Eu queria me livrar de mim, e embora isso não fosse possível, eu estava certo ao constatar que poderia elaborar um eu diferente em um contexto diferente. O ambiente molda as pessoas, afinal.
Para sair de Goiânia rumo a São Paulo, vendi ou doei quase todos os livros que comprei ao longo de quatro anos. Livros raros, livros caros, marcadores preciosos dos meus interesses e movimentos neste mundo. Aquilo que me atrai e me constitui, de uma forma ou de outra, acaba sempre encontrando jeitos de se manifestar, e no futuro eu me veria novamente procurando pelas mesmas coisas que nessa ocasião escolhi deixar pra trás.
Antes de ir para Tóquio pela segunda vez, talvez para sempre, coloquei objetos queridos em uma caixa e enviei para a casa dos meus pais em Porto Alegre.
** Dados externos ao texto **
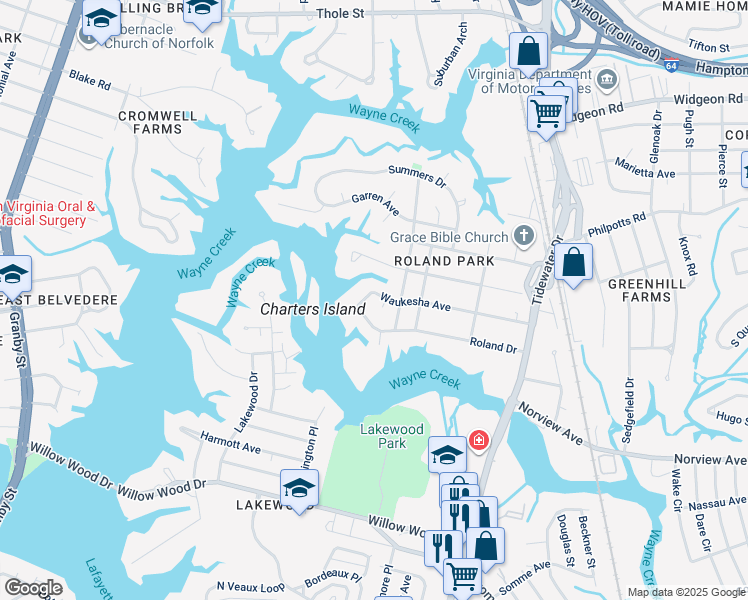 map of restaurants, bars, coffee shops, grocery stores, and more near 505 Waukesha Avenue in Norfolk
Lá eles estarão seguros, pensei comigo. Lá, um pedaço de mim estará para sempre conservado, pronto para ser reencontrado quando eu voltar.
Alguns meses depois, minha cidade natal alagou, a água cobrindo mais de 60% de sua área. Meus familiares e amigos passaram por essa tragédia sem consequências permanentes, e em meio aos sentimentos inúmeros, percebi o quão frágil era a ideia de se ter um porto seguro, um porto alegre.
Ao sair de Tóquio para retornar a São Paulo, coloquei numa caixa objetos que juntei com carinho e também presentes para distribuir entre pessoas queridas. Memórias desse ano incrível e fabuloso que vivi do outro lado do planeta. Enviei a caixa por correio aqui para o Brasil e, alguns dias depois, iniciei minha longa viagem de retorno.
Eu cheguei, a caixa não.
“Não é nada”, tentei dizer a mim mesmo. “São apenas alguns brinquedos e presentes, nada demais”, continuei repetindo. E é verdade, perder essa caixa de memórias não há de desviar o rumo da minha vida. Mas é triste. Há uma parte grande de mim que torce para que uma Amélie Poulain decida fazer sua missão de vida me reconectar com essa caixa. Não há nada de valioso dentro da caixa, exceto as histórias e os afetos que foram investidos em cultivar seus conteúdos.
Minto, portanto. Há muito de valioso dentro da caixa.